Here ya go folks. Hope you like it. All BHCT.

Steve


----------



## wilifordmusic (Feb 28, 2019)

Ooops. Forgot to post this one in the last batch. Mostly BHCT with a little help from SA Studio Strings.
A nice contrast to "The Storm".

Hope you like this one too.

Steve


----------



## Tice (Feb 28, 2019)

Oh, I really like how much power you're getting out of the brass section! Very powerful chords and instrumentation!
In the second one the opening flute chord strongly reminds me of a part of the 'Dennis steals the Embryos' track from Jurassic Park, except Williams built it with brass mostly. But very much the same chord make-up and even pitch.


----------



## BlackDorito (Feb 28, 2019)

Night Winds is evocative and left me wondering what happens next in that piece. Hope you have a chance to extend it.


----------



## wilifordmusic (Mar 1, 2019)

Thanks to you both for the kind words. Bennie was my main inspiration for both although Night Winds sort of evolved and took a left turn. Now when I hear it, I think of Captain Kirk being bedazzled by some green space girl.
Both started as chordal exercises. 
Night Winds started with the mixed flutes chord patches and then I wanted to do some 4 part strings using the half section hi strings and cellos from the Studio Strings.
The Storm started with the ending chords and then I figured out that they were the end.
Then I flailed around a while and figured out the first bits.

Steve


----------



## Zero&One (Mar 1, 2019)

Great stuff! Really set the mood in both of them.
BHCT is such a gem.


----------



## Tice (Jul 21, 2019)

Just dropping by here to see if anyone has been making more with the BHCT since March. I hunger for more Bernard...


----------



## AndyP (Sep 9, 2019)

I lost this library a little out of focus. But since there is a project in the pipeline that is less in the classical orchestra, more in the series noire area this library could fit perfectly.
The low range sounds incredibly dynamic and voluminous, also relatively dry. 
It's on my wishlist and I probably won't hesitate much longer.
The BHCT convinces me of the sound without any compromises.
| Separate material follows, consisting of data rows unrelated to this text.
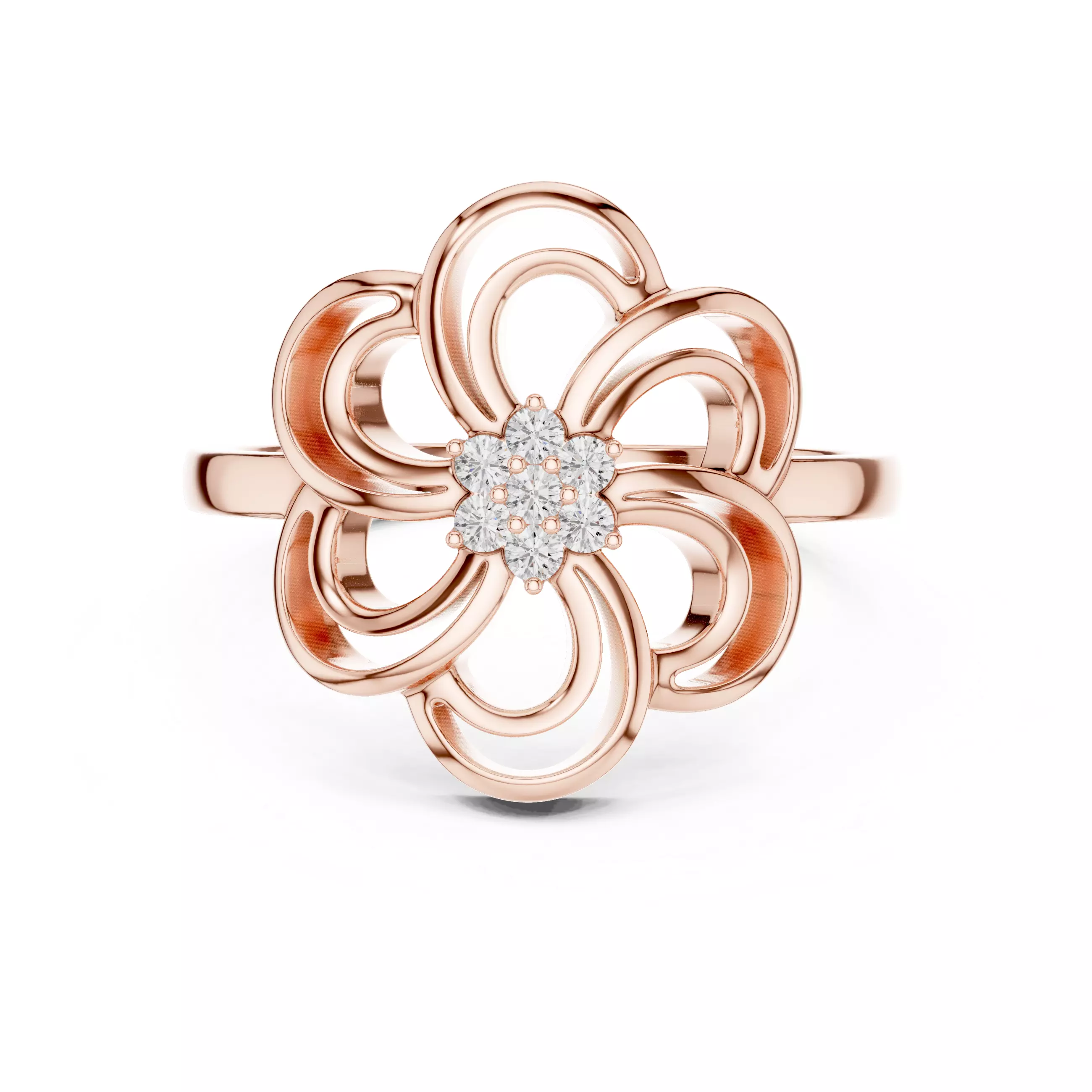 Flower Minimalist Ultra Light Weight Diamond Ring 3dm stl 3D print model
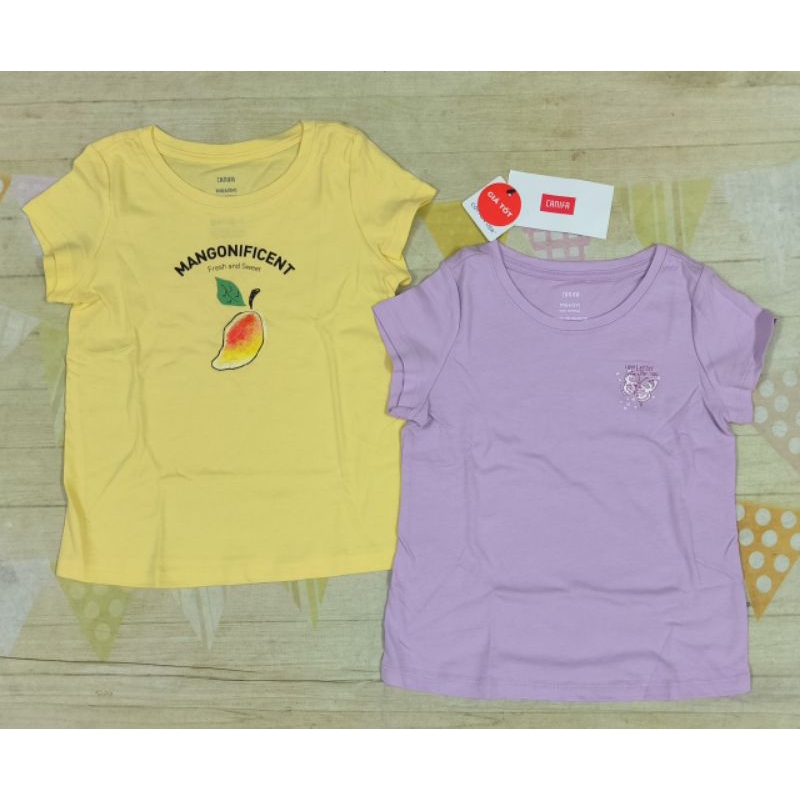 Pack 2 áo phông cotton cộc tay bé gái Canifa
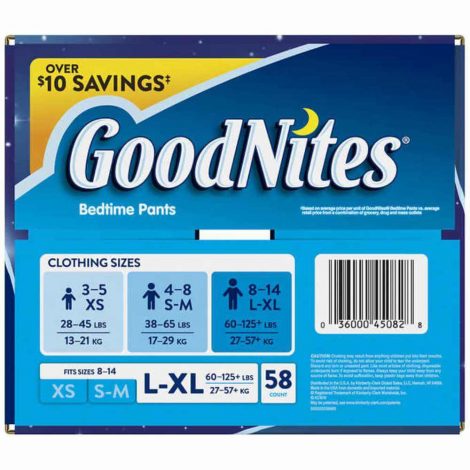 GoodNites Bedtime Underwear for Boys (Large 58 Count)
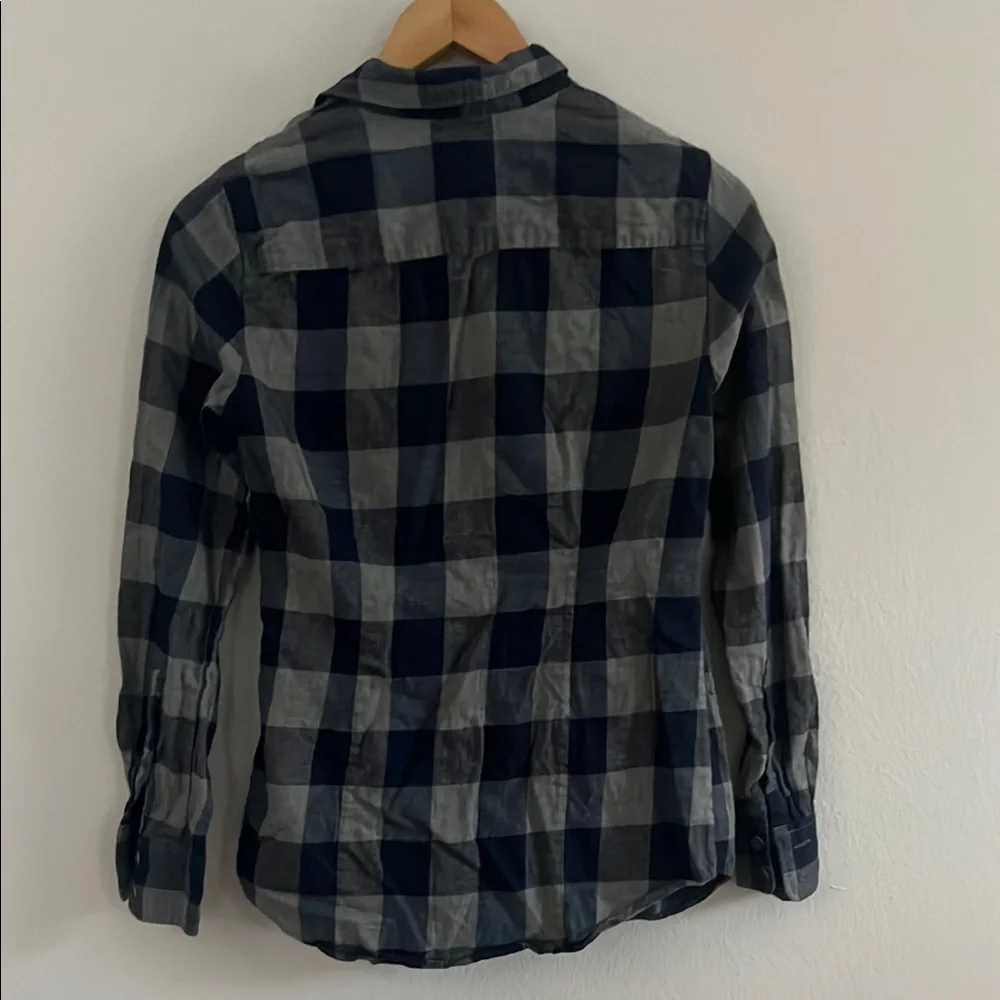 J. Crew Navy and Charcoal Plaid Shirt
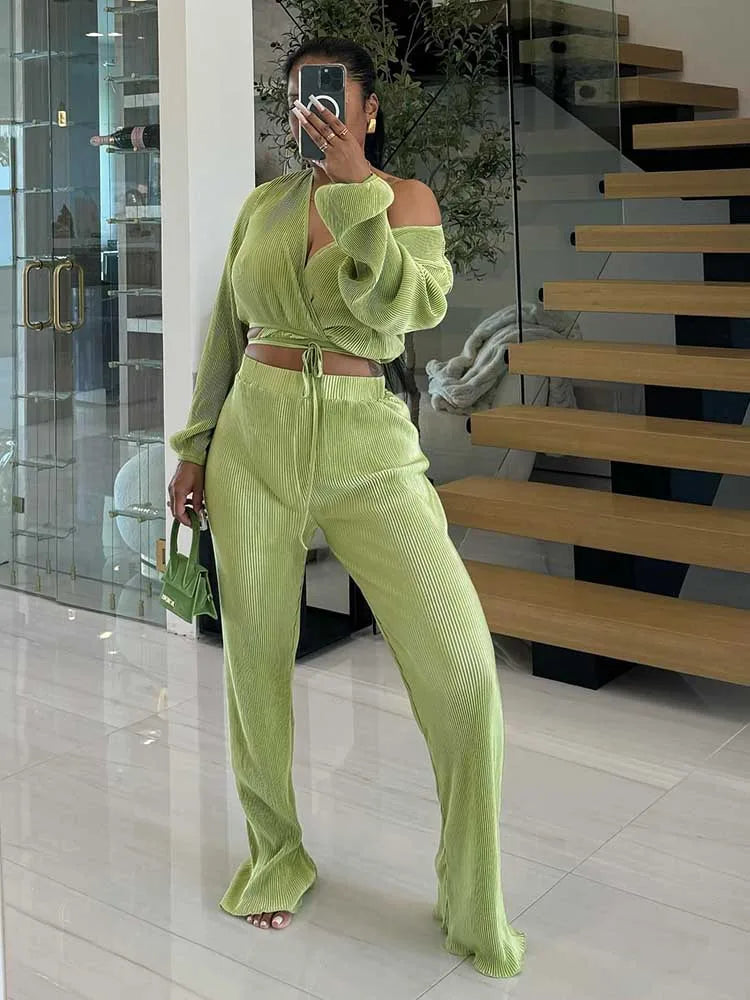 Casual Sets Womens Outfits Fall Clothes 2 Piece Lounge Set Draped Top and Elastic Wrap Pant Sets Outfits Wholesale Dropshipping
Difficult to copy with other libraries, and the composition of the patches makes sense and looks very promising.


----------



## Iskra (Sep 9, 2019)

I overlooked this thread shamefully! 
I love BHCT, probably my favorite library taking it as a whole and as a concept. Makes sense from the musical point of view and sampling wise it sound delicious to me. 
This are some pieces I did way long ago, a bit in a hurry when the library was launched (thought it would be good to share in this thread):

<iframe width="100%" height="450" scrolling="no" frameborder="no" allow="autoplay" src=""></iframe>


----------



## Zero&One (Sep 10, 2019)

Iskra said:


> I overlooked this thread shamefully!
> I love BHCT, probably my favorite library taking it as a whole and as a concept. Makes sense from the musical point of view and sampling wise it sound delicious to me.
> This are some pieces I did way long ago, a bit in a hurry when the library was launched (thought it would be good to share in this thread):



Love it! Playful ghost is excellent 
Funny thing, I was just thinking about this thread the other night and 2 posts popped up. I need to add a new tune to this thread soon.


----------



## Iskra (Sep 10, 2019)

James H said:


> Love it! Playful ghost is excellent


Thanks!
It was really fun doing it


----------



## Tice (Sep 10, 2019)

Wow, I love these!


----------



## Iskra (Sep 10, 2019)

Thank you!


----------



## AndyP (Sep 12, 2019)

I ordered it now. So far the most convincing sound I've ever heard. 
BBCSO will probably be the next purchase ... I am curious whether they will be somehow combinable.


----------



## Iskra (Sep 13, 2019)

I'm curious too, but I don't think they will be difficult to combine. Maida Vale is not a very reverberant place (not as reverberant as the Hall at AIR), so just playing with the mic positions in both libraries should do the trick (plus a nice tail at the end?).
Christian Henson made a video mixing BHCT with Spitfire Symphonic orchestra, and it worked great in his hands.


----------



## AndyP (Sep 13, 2019)

Installed today. After many years of Vi use and many libraries of other manufacturers my first Spitfire library. I don't regret it.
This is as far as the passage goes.